As a note of possible interest, there is no such thing as a private beach here. By law, all beaches in Hawaii are public with private property extending only as far as the high-water mark.
During the 25 years we lived in Kailua, I would wait until about the middle of February, walk down to the beach on a warm, sunny morning, wade out to my waist in the ocean, take out my cell phone and call my brother in Illinois and ask him if he was tired of winter yet. I think, in some perverse way, he actually enjoyed that.

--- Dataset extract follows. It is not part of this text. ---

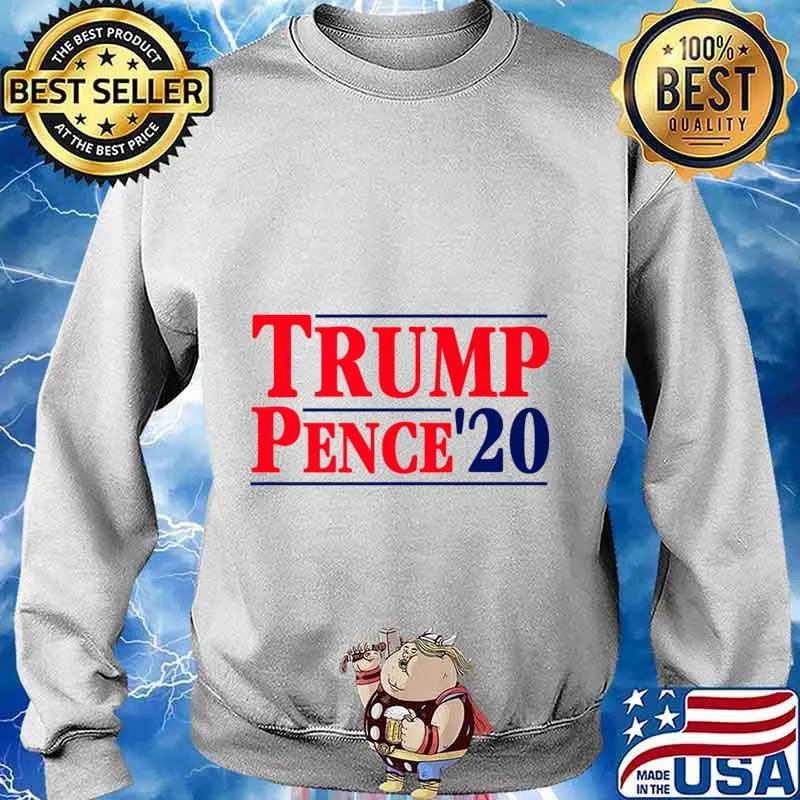 Trump Pence 2020 Pro Donald Trump 20 Premium T-Shirt Sweater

Interesting! Thirty or forty years back, there were many stretches of beach here that were private in effect because ordinary folk couldn’t find ways to get across private property to access the beaches. That prompted the various county governments to create public rights-of-way to the beaches at a minimum of one every quarter mile. Today, most people with beachfront property allow people living close by to walk down their property lines to the beaches. They figure it’s better than the alternative, which is to have the county come in, condemn five feet from them and five feet from their neighbor and have a 10-foot public right-of-way there.
It is the same in Canada. Crown land extends to the high-water mark. Except possibly in Quebec, which still has a lot of property laws left over from ancien regime France that were protected by the Royal Proclamation of 1763.